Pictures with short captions
..........
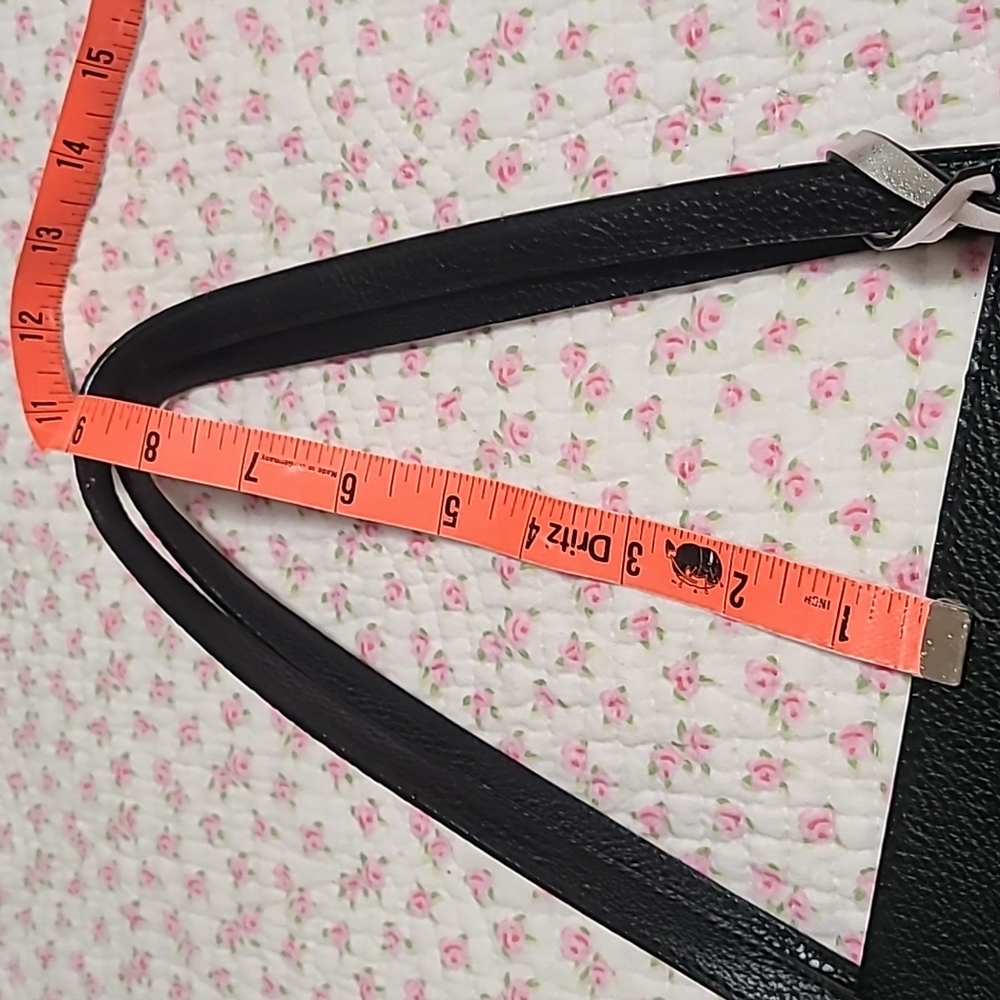 New Victoria Secret super cute oversized bag π - Picture 7 of 9
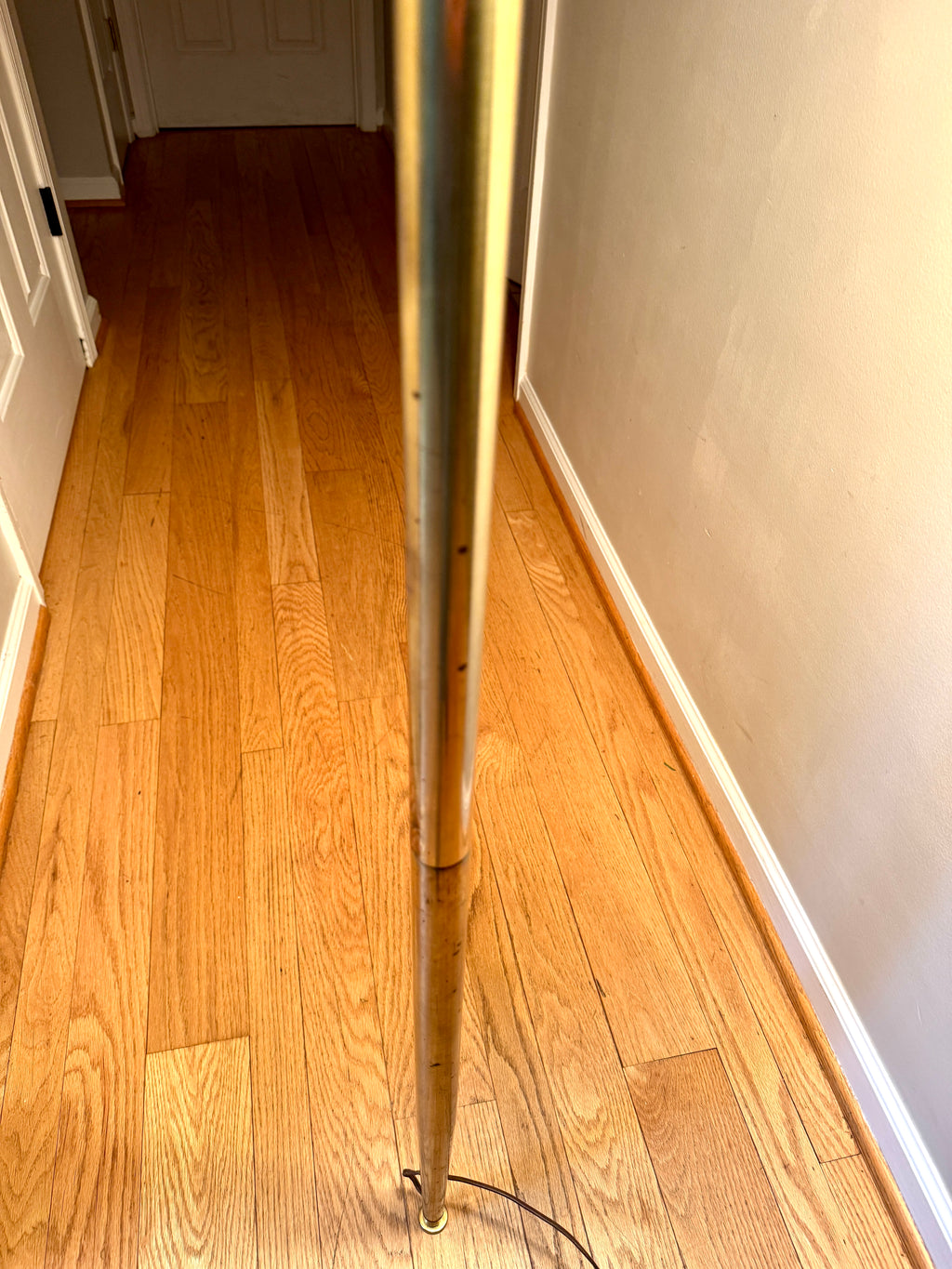 1960's MCM Fiberglass 3 Shade Tension Pole Lamp ~ Danish Modern Adjustable Tension Pole Lamp (Copy)
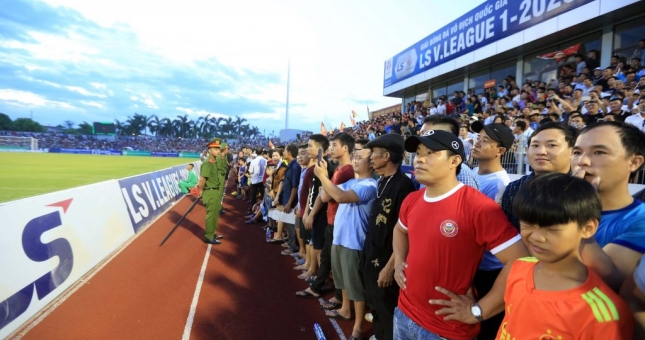 Vòng 4 V.League 2020: Vỡ sân trận xuất hiện nhà ĐKVĐ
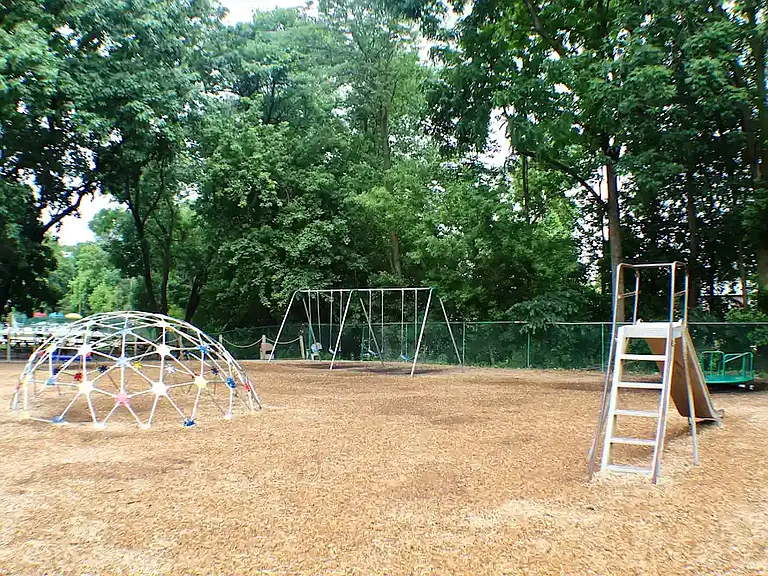 Parkview Court Apartments — Photo 9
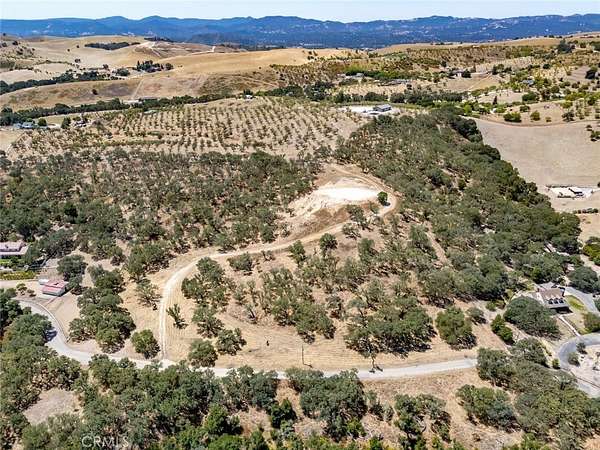10 Acres of Land for Sale in Templeton, California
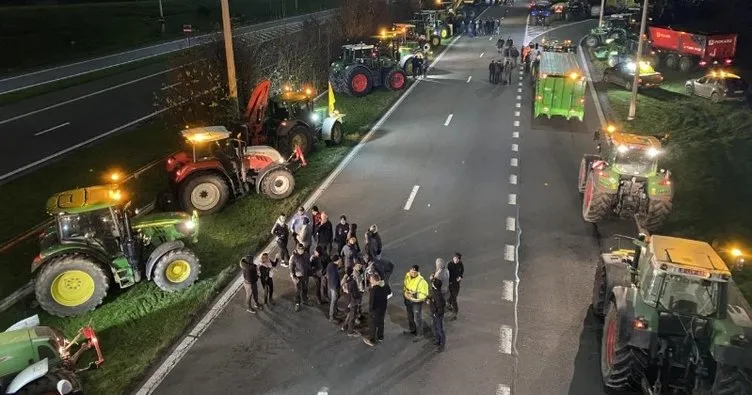 Belçika’da çiftçiler ayaklandı: Ana yollar kapatıldı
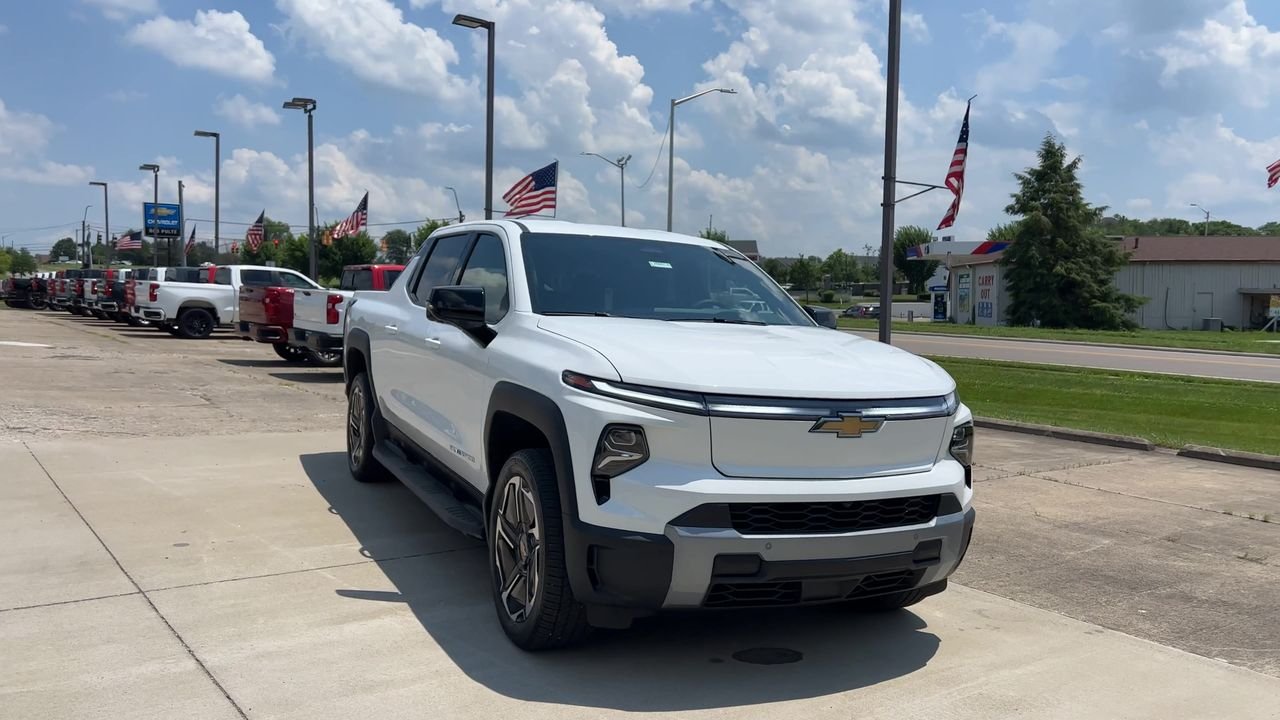 2026 Chevrolet Silverado EV LT - Photo 62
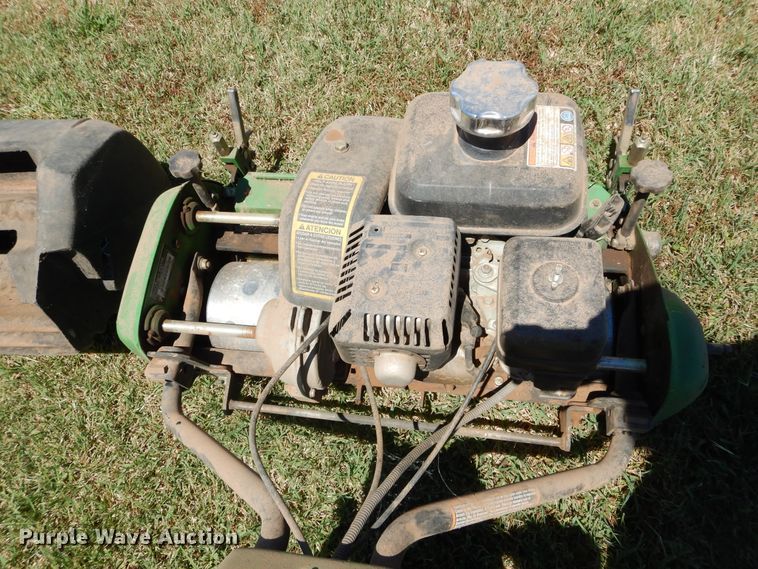 image for item FI9914 John Deere 260C reel mower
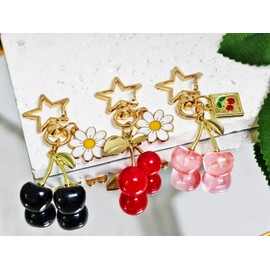 OTETTS Black Cherry Flower Keychain Bag Charms Star Metal Keyring Sweet Aesthetic Y2K Accessory Purse for Camera Car Key Woman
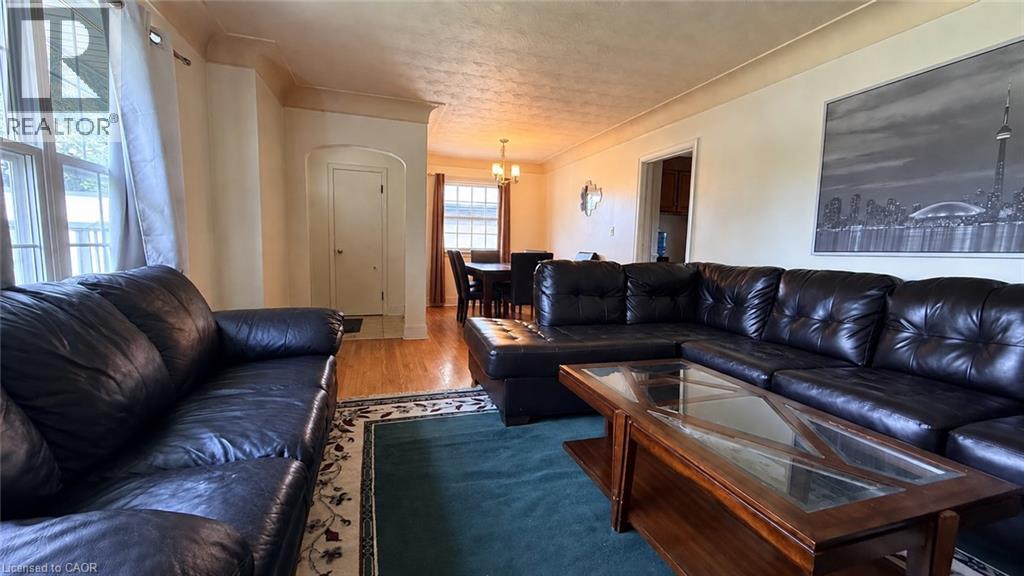 12 ROSELAND Avenue, St. Catharines — photo 6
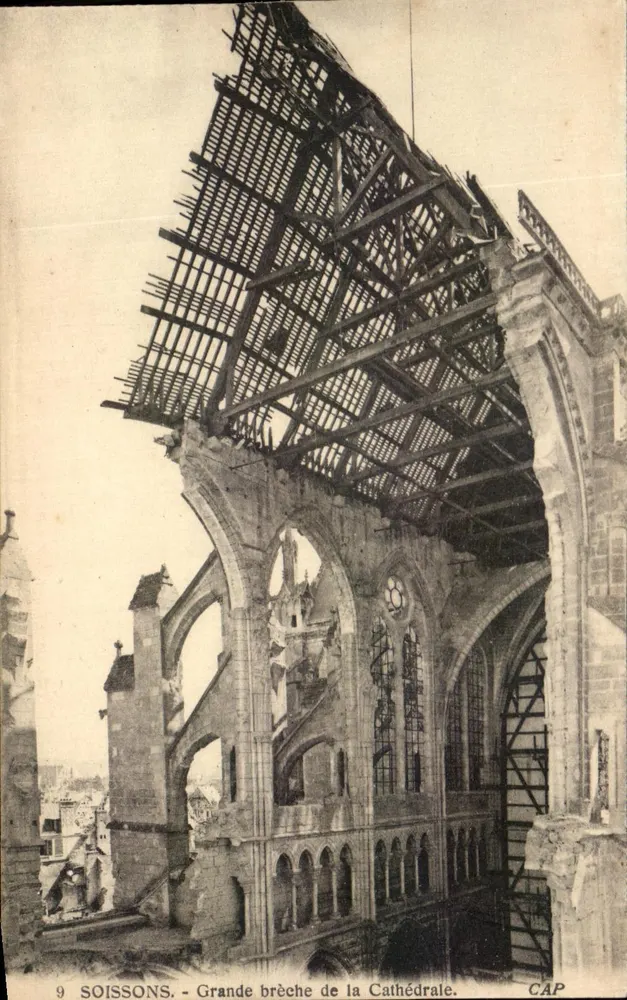Soissons - Große Öffnung in der Kathedrale — CAP - Vorderseite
..........
● **Work item**: Excluding pictures, print all lines above exactly.

● **Answer space**:
 New Victoria Secret super cute oversized bag π - Picture 7 of 9
 1960's MCM Fiberglass 3 Shade Tension Pole Lamp ~ Danish Modern Adjustable Tension Pole Lamp (Copy)
 Vòng 4 V.League 2020: Vỡ sân trận xuất hiện nhà ĐKVĐ
 Parkview Court Apartments — Photo 9
10 Acres of Land for Sale in Templeton, California
 Belçika’da çiftçiler ayaklandı: Ana yollar kapatıldı
 2026 Chevrolet Silverado EV LT - Photo 62
 image for item FI9914 John Deere 260C reel mower
 OTETTS Black Cherry Flower Keychain Bag Charms Star Metal Keyring Sweet Aesthetic Y2K Accessory Purse for Camera Car Key Woman
 12 ROSELAND Avenue, St. Catharines — photo 6
Soissons - Große Öffnung in der Kathedrale — CAP - Vorderseite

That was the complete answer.